The back-end is made of two components (Fig. 1).

(1) Statistical computation. The statistical computation back-end relies on the statistical programming language R. To provide functionality for importing, processing and serving data, we built the snR package for R. It also facilitates access to Ensembl Biomart through the biomaRt package [12] and handles the PCA calculation for the overview plot. Running the PCA calculation on a vast number of experiments is demanding and needs to be carried out as fast as possible to allow for an interactive workflow where users do not have to wait for minutes or hours to get the results. One major optimization we incorporate is saving the public experiments already in a matrix format that can be piped into the PCA algorithm. Only the private experiments have to converted on runtime, saving a couple of seconds. For further optimization, we keep the public experiment PCA input matrix in memory all the time removing the need of loading it every time when calculating a PCA, which, depending on the number of public experiments that are attached to s·nr, can take up minutes. This, however, increases the footprint of the snR package in the system memory several gigabytes. In order to reduce the computation time of PCAs for large matrices from hours to seconds we employ a randomized single value decomposition algorithm provided by the RSVD package [13]. To avoid redownloading the required variables from the Biomart database, we cache them on disk as R dataset.
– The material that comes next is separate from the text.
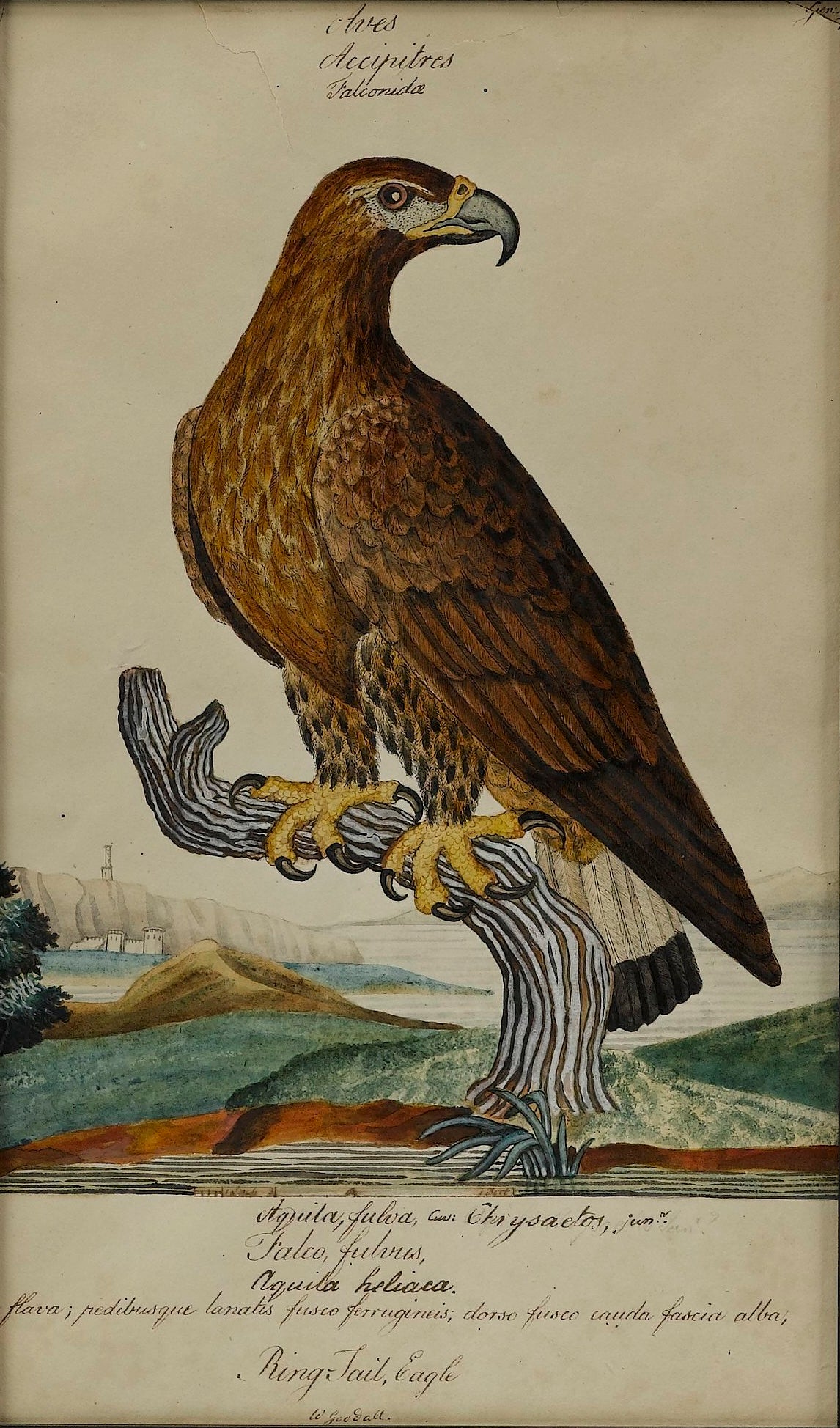 "Ring Tail Eagle" by William Goodall, Watercolor and Ink Drawing, Early 19th Century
A second package, snR-GO, handles GO term analyses, which also relies on the cached data retrieved from the biomaRt package.

OpenCPU [14] exposes R methods using a RESTful API for method calls generating files including the JSON format which is easily readable by JavaScript. Unrestricted access to the RESTful API provided by OpenCPU would allow users to read all the data located on the system, yielding security issues when building a multi-user system. To solve this problem, we employ a second server described in the following paragraph.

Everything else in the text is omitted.